▸ Directions for this task: The expected answer is every line from the material below that has the word "Ford".

▸ Records shown:
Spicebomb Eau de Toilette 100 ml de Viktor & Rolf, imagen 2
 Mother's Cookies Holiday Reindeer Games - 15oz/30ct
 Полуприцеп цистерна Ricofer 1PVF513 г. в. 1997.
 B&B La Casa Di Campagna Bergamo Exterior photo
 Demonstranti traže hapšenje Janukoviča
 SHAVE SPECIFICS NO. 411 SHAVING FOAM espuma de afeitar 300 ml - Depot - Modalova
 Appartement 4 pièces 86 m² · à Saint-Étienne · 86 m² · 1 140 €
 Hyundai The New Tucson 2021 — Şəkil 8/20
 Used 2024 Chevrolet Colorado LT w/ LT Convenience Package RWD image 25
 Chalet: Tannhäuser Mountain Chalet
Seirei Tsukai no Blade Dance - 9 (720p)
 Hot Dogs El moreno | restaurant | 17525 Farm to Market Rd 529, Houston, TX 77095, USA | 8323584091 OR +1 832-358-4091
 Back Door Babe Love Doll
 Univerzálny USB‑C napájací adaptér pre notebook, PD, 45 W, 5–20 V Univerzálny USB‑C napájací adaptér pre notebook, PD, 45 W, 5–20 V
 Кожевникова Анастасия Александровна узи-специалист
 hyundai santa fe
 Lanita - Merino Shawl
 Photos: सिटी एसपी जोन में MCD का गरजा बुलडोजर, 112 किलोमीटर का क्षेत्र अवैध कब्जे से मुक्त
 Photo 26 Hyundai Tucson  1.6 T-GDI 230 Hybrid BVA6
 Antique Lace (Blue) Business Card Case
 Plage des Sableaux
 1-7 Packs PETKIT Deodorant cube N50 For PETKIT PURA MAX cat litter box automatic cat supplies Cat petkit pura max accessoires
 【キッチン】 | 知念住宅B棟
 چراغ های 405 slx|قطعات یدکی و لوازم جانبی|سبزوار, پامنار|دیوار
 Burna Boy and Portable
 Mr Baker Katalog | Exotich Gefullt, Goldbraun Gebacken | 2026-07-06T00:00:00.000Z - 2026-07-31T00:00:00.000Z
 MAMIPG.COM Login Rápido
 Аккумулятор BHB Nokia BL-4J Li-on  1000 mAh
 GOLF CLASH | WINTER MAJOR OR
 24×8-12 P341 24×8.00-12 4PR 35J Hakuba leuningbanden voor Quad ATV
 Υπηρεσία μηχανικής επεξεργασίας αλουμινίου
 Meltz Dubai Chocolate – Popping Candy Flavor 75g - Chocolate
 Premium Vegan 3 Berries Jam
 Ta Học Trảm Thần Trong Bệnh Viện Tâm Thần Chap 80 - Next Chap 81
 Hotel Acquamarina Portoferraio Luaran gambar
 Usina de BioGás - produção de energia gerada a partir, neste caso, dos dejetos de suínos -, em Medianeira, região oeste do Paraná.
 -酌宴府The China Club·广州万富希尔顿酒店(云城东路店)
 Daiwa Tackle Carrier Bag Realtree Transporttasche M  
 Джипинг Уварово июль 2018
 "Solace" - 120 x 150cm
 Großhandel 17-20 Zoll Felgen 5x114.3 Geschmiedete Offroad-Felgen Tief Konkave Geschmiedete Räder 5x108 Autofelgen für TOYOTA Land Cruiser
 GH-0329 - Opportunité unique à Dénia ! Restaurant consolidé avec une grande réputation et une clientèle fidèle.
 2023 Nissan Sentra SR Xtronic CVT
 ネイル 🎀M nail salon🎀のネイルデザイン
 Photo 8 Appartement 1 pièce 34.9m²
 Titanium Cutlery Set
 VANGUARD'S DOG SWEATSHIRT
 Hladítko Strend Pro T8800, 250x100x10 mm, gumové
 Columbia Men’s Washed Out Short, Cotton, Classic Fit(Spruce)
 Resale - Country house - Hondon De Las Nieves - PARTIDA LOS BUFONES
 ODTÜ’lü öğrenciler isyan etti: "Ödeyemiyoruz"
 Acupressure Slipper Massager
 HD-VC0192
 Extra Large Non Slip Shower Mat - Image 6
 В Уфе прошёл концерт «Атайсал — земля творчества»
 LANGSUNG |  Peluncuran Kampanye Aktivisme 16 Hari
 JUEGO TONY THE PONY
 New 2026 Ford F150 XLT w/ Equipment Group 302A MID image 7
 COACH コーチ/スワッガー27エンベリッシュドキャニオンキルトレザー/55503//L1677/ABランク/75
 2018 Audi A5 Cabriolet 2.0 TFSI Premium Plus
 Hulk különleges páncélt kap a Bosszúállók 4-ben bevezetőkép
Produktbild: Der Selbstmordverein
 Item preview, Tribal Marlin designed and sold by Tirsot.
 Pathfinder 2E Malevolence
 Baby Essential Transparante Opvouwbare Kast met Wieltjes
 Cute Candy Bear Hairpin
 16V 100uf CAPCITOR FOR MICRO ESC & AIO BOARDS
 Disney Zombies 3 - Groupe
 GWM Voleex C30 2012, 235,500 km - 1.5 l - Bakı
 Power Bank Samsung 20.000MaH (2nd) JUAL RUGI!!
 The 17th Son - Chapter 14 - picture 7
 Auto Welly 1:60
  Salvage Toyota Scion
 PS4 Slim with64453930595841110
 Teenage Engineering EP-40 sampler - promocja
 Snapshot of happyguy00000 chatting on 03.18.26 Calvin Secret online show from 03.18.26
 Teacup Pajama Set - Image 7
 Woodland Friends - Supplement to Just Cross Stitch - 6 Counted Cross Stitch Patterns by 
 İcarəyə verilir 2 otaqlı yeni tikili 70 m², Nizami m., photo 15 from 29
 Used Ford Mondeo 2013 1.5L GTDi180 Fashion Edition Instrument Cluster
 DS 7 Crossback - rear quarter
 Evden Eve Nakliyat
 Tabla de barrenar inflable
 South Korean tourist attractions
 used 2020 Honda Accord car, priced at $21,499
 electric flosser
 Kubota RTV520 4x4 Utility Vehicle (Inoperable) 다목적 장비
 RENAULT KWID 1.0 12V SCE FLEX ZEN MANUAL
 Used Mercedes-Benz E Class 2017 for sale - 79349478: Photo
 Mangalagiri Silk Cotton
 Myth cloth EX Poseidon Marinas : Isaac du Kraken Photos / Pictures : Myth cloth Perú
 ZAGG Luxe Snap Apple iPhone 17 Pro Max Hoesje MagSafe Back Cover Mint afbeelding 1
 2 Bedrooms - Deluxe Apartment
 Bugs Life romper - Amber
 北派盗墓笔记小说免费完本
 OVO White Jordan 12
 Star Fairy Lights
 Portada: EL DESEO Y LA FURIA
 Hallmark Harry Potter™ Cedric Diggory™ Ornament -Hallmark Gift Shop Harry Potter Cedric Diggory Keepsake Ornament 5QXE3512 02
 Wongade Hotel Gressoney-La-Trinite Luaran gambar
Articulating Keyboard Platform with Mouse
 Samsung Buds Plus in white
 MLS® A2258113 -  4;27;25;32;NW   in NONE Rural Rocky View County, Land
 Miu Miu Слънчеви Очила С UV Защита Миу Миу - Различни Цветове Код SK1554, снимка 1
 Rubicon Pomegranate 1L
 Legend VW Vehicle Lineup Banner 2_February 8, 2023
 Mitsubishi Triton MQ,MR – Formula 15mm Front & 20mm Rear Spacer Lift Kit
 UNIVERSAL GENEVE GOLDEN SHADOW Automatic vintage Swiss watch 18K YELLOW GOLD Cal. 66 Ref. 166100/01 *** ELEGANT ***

▸ Problem solution:
 New 2026 Ford F150 XLT w/ Equipment Group 302A MID image 7
 Used Ford Mondeo 2013 1.5L GTDi180 Fashion Edition Instrument Cluster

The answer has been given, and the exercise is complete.